### [EXTRACTED INFORMATION]
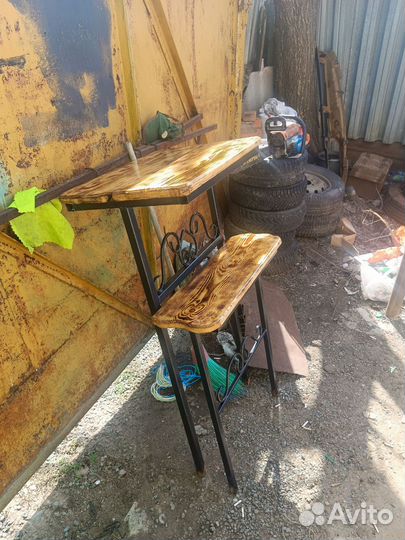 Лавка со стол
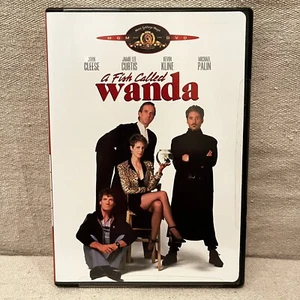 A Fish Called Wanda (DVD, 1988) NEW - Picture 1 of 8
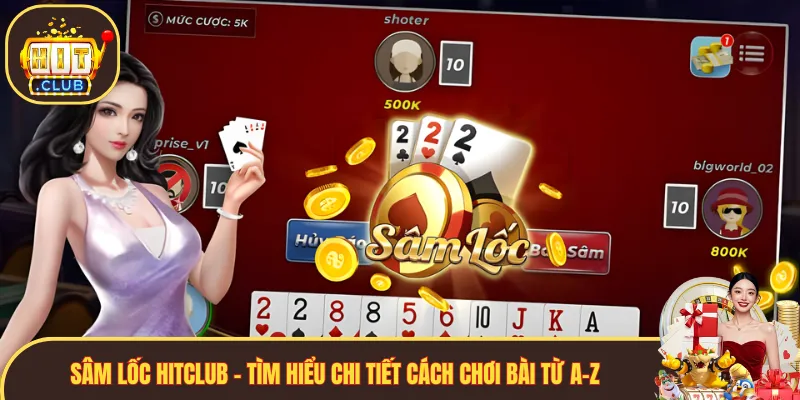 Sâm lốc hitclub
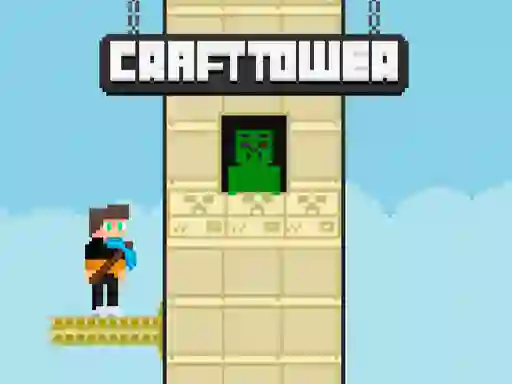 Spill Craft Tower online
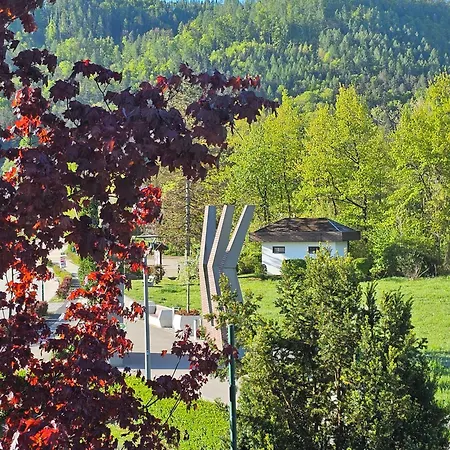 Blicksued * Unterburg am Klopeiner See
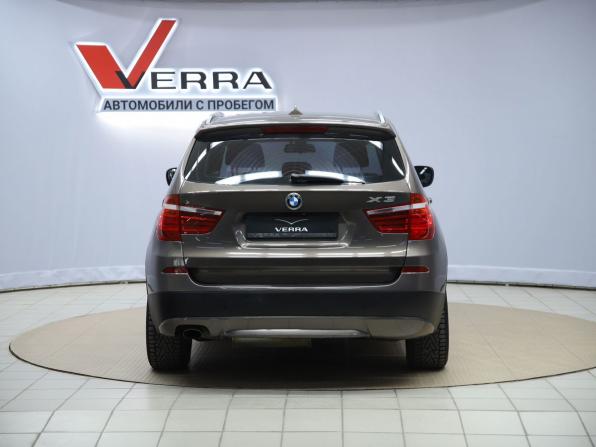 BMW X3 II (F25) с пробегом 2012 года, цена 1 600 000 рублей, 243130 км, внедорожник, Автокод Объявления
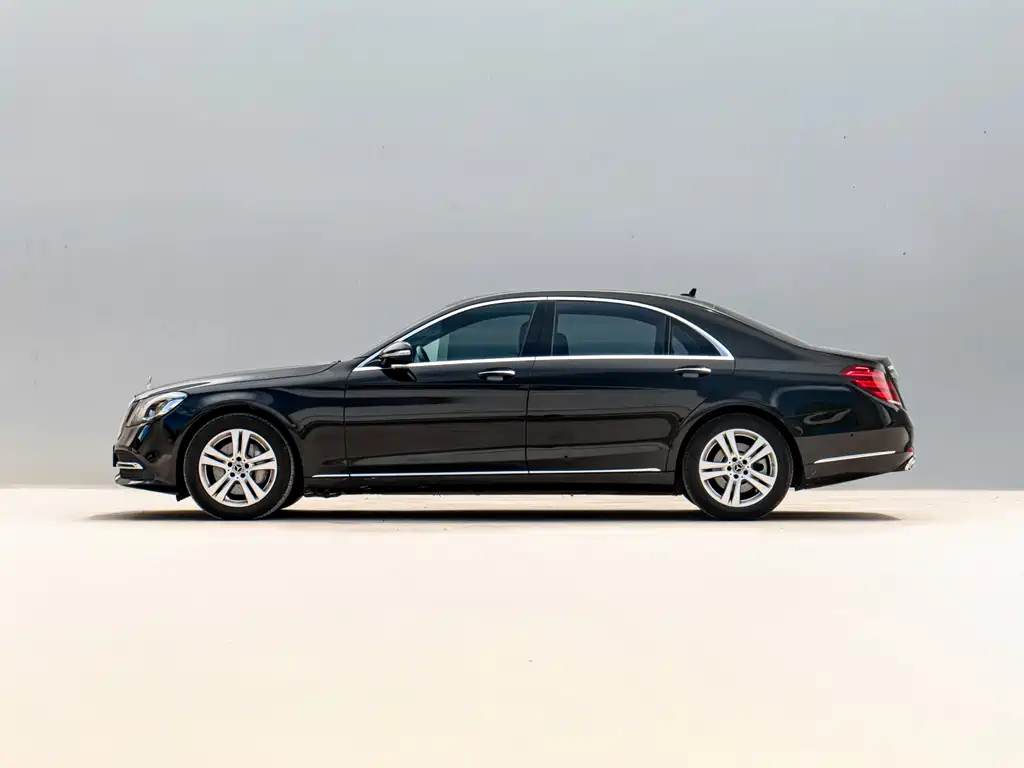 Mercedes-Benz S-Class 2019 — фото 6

### [ASSIGNMENT]
Without any pictures, please write out the lines from the one containing "BMW X3 II (F25)" through the final line of the data, exactly and inclusive of both ends.

### [FINISHED TASK]
 BMW X3 II (F25) с пробегом 2012 года, цена 1 600 000 рублей, 243130 км, внедорожник, Автокод Объявления
 Mercedes-Benz S-Class 2019 — фото 6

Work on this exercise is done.